• BRIEF
Using the records that follow, count the lines containing the word "Cabinet" and give that number only.

[DATA EXTRACT — start]

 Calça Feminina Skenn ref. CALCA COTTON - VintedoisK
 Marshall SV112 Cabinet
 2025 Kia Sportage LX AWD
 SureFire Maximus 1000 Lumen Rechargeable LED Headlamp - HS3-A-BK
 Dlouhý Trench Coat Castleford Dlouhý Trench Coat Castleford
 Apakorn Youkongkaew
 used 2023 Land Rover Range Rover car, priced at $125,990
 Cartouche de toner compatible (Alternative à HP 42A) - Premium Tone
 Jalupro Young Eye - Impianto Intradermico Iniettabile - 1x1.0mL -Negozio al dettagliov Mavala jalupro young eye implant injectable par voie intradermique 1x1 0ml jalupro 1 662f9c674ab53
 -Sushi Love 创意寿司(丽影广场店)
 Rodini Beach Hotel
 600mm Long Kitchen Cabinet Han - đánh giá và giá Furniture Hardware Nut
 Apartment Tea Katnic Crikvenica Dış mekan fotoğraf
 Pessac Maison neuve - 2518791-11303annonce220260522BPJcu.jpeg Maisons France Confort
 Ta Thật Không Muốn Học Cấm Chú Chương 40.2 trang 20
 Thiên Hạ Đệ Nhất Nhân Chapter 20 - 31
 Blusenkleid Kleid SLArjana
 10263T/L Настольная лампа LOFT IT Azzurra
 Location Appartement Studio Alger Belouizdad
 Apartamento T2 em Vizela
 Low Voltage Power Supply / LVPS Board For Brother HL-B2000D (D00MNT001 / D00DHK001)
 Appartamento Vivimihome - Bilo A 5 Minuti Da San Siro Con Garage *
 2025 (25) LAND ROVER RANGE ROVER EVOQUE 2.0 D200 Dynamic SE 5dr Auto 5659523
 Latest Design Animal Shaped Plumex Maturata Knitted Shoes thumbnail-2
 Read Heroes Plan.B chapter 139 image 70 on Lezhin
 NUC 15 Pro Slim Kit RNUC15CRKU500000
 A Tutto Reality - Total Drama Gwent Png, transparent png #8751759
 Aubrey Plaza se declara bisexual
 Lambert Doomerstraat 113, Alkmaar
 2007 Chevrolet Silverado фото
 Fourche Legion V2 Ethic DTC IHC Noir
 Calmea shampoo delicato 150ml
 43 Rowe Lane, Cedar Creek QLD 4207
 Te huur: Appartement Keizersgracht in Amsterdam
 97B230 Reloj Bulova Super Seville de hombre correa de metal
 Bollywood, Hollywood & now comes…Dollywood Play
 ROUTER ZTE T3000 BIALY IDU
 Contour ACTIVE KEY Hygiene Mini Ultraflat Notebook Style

[DATA EXTRACT — finish]

• RESULT BELOW
2